EXCEPTION_ACCESS_VIOLATION: multithread in read_stream
Brought to you by:
drozd
I think its because read_stream gets called after the stream is freed.
-->n=stream->io_class->read(stream,io_space(&stream->io),len);
read_stream
process_connection
process_worker_sockets
poll_worker
worker_function
I was using 2 worker threads, in windows, with firefox and doing lots of browser refreshs. In attch is the stack dump and shttpd's debug.

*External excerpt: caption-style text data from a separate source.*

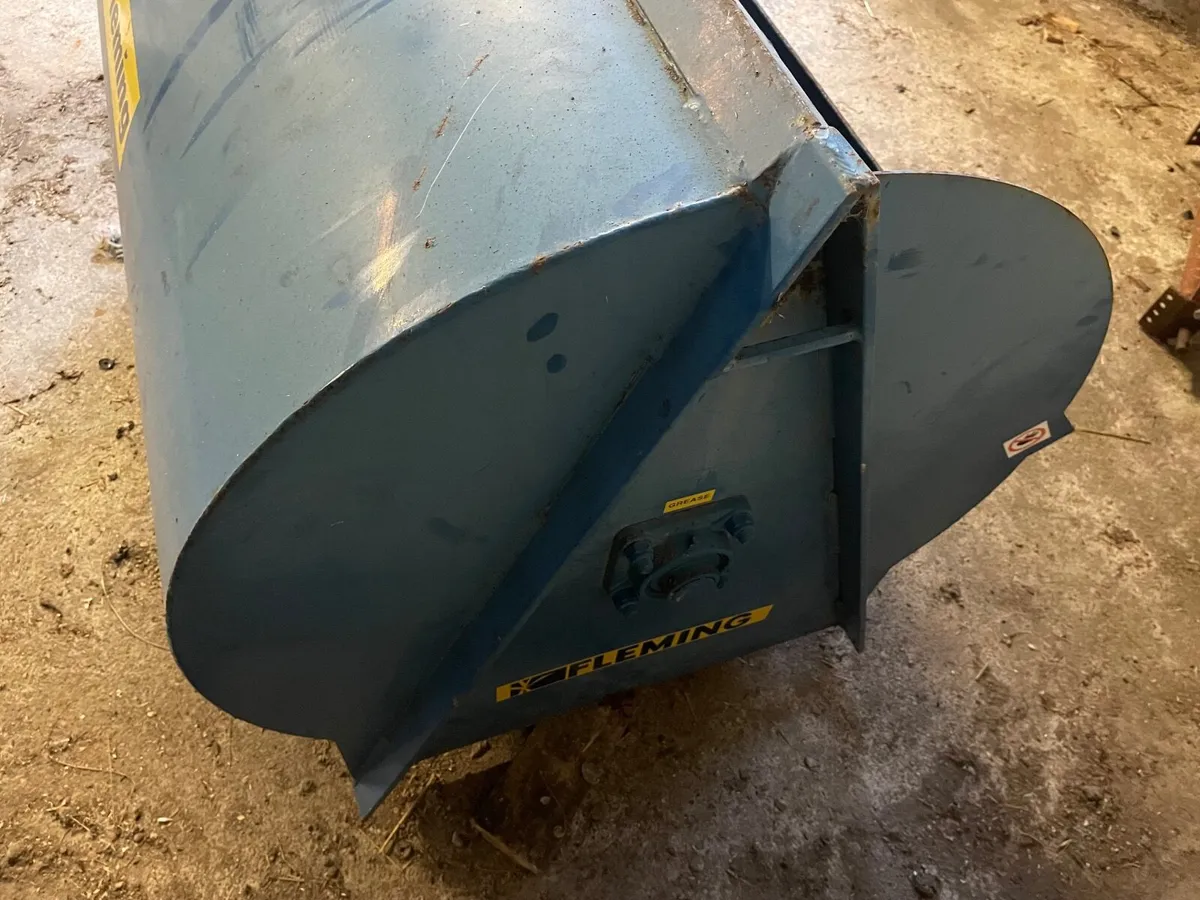 Manure Spreader - Fleming MiniMuck - Image 2
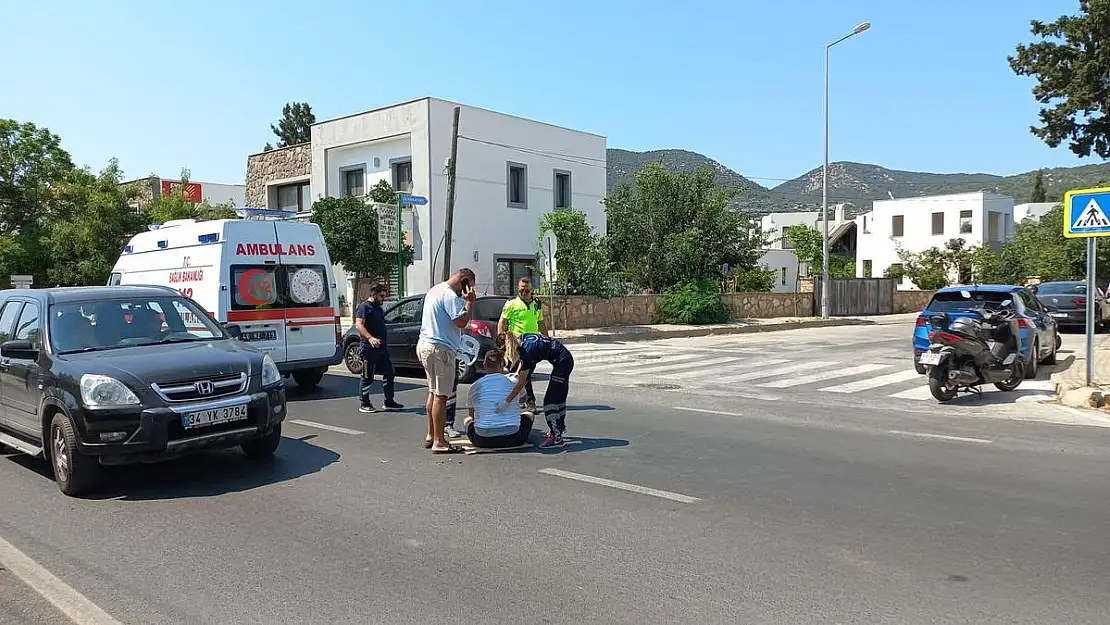 Ani Bir Şekilde Önüne Çıkan Araca Çarparak Yaralandı
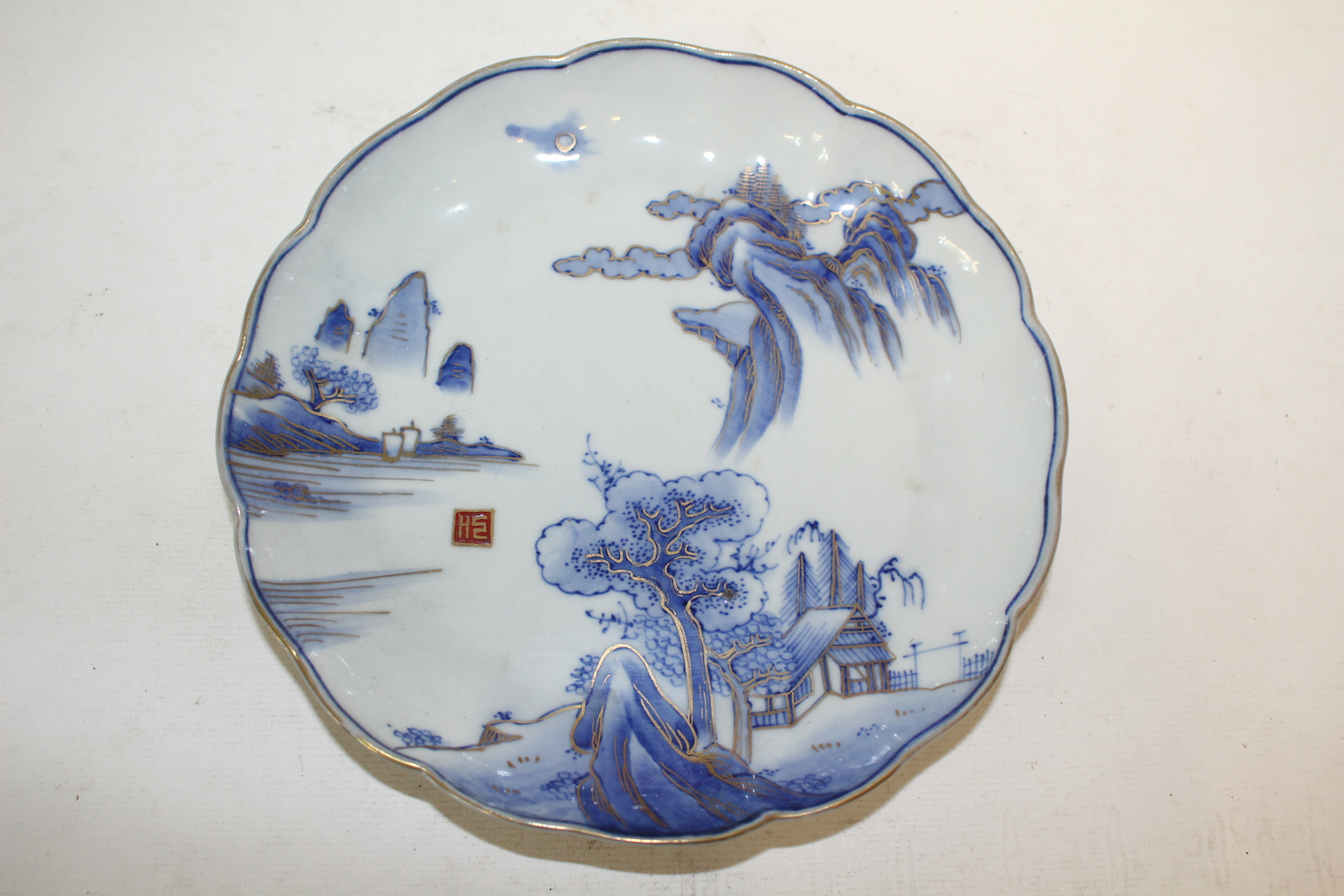 73-100년이상된 고이마리 청화백자진사금채산수문 화형완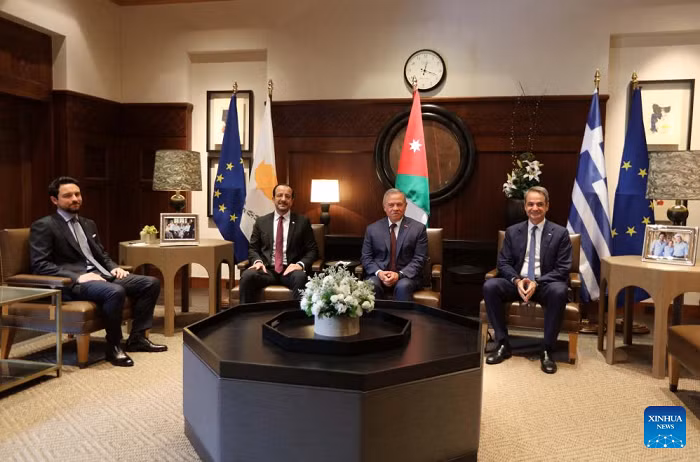Jordan's King Abdullah II (2nd R), Cypriot President Nikos Christodoulides (2nd L) and Greek Prime Minister Kyriakos Mitsotakis (1st R) hold a meeting in Amman, Jordan, May 6, 2026. The fifth Jordan-Cyprus-Greece trilateral summit was held here Wednesday, focusing on their cooperation and regional developments, read a statement released by Jordan's Royal Hashemite Court. (Photo: Xinhua)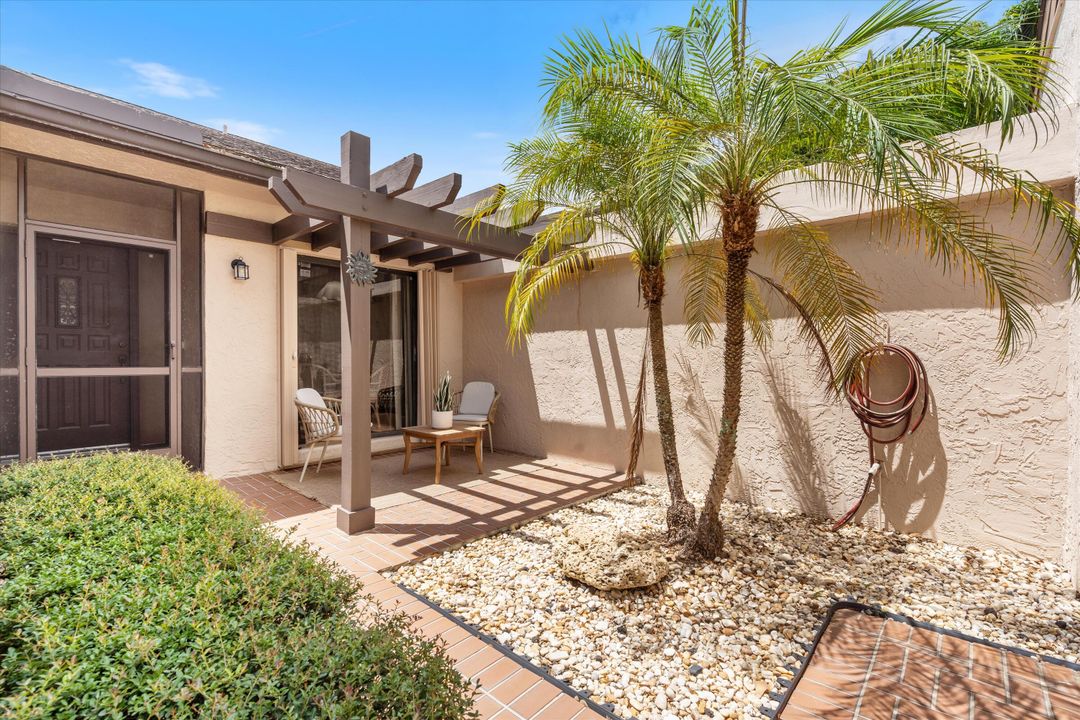 For Sale: $345,000 (2 beds, 2 baths, 1332 Square Feet)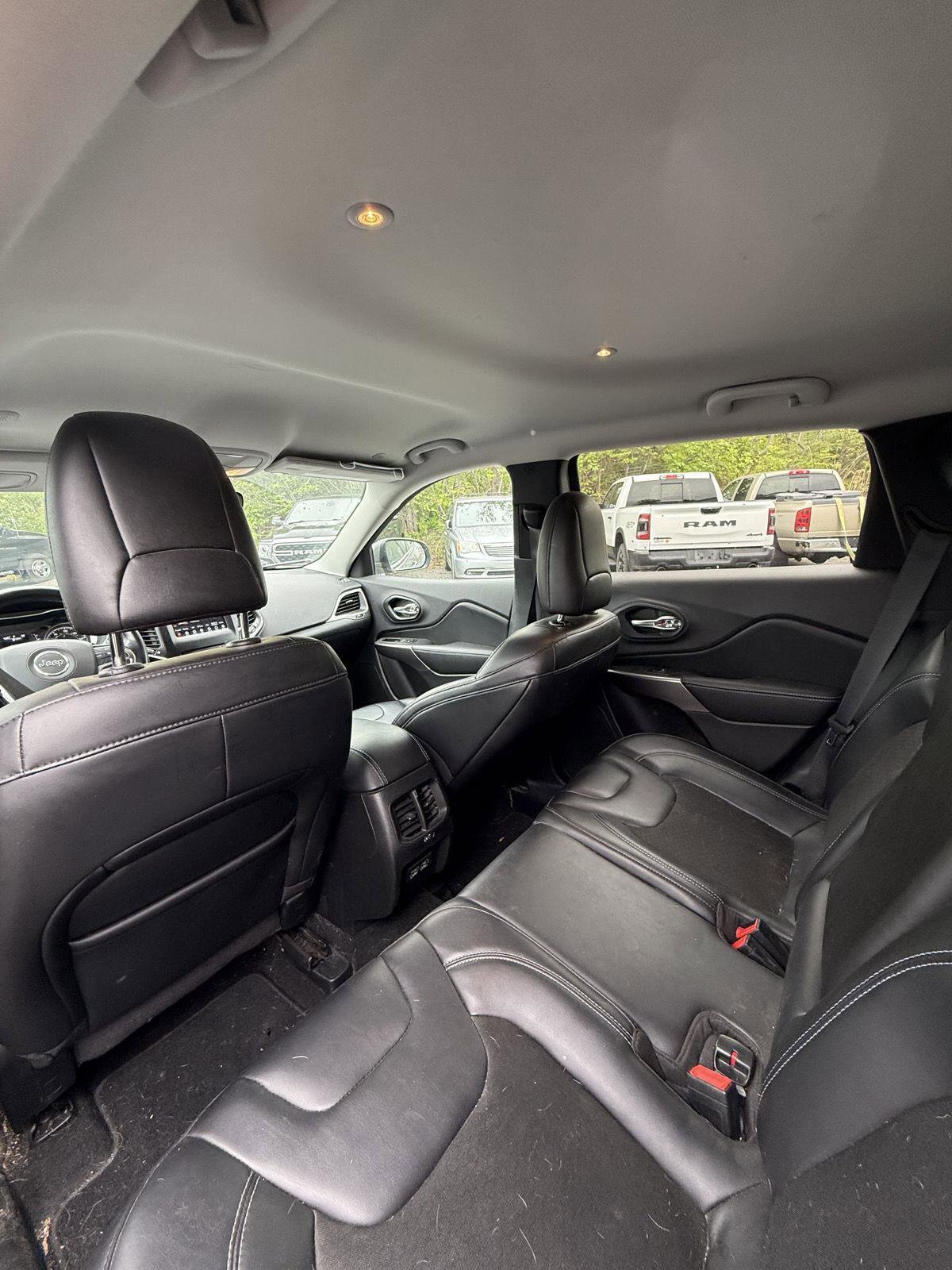 Used 2021 Jeep Cherokee Latitude Plus AWD/4WD image 10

Also in attch a possible patch to fix. It adds "(c->rem.flags & FLAG_CLOSED)" to do_close. Since this is a race it doesn't always occur, so I need help to make sure 1) reproduce the prbl, 2) check if fix makes sense and 3) check if fix actual fixes.
Thanks in advance,
Rui
Logged In: YES
user_id=215691
Originator: NO
Please attach small files inline.
--- shttpd-1.39/src/shttpd.c.orig 2008-05-02 11:22:26.270932600 +0100
+++ shttpd-1.39/src/shttpd.c 2008-05-02 11:25:06.411557600 +0100
@@ -947,6 +947,7 @@
*/
do_close = (c->ch.connection.v_vec.len >= vec.len &&
!my_strncasecmp(vec.ptr, c->ch.connection.v_vec.ptr, vec.len)) ||
+ (c->rem.flags & FLAG_CLOSED) || (c->rem.io_class == &io_ssl) ||
(c->major_version < 1 ||
(c->major_version >= 1 && c->minor_version < 1));
(c->rem.flags & FLAG_CLOSED) makes sense to me,
(c->rem.io_class == &io_ssl) does not. Why do you force SSL connection to close?
Logged In: YES
user_id=215691
Originator: NO
Looking at the stack dump, it blows at line 1532
static void
worker_function(void *param)
{
struct worker *worker = param;
while (worker->exit_flag == 0)
poll_worker(worker, 1000 * 10);
free_list(&worker->connections, connection_desctructor);
free(worker); <--------- here
}
And this makes sense ...
Because the boss thread still has the worker in its list, and when the worker kills itself, we've got the problem.
Quick and dirty fix would be to insert the line "LL_DEL(&worker->link);"
before "free(worker);", this way we make sure we delete the worker from the boss's list. But this should be mutex-protected, really.
Logged In: YES
user_id=215691
Originator: NO
Or. If we're mutex-free guys, the worker, when it is draining, must delete all its connections, and then send the control message to the boss. Boss must free up the worker and delete it from its list.
Logged In: NO
It blows on line 901
/* Read from underlying channel */
n = stream->io_class->read(stream, io_space(&stream->io), len); <--- EXCEPTION_ACCESS_VIOLATION
Because read_stream is being called on a stream that was freed.
Please ignore the forcing SSL close. It was for versions < 1.41 in which SSL negotiation failed when keep-alive was used.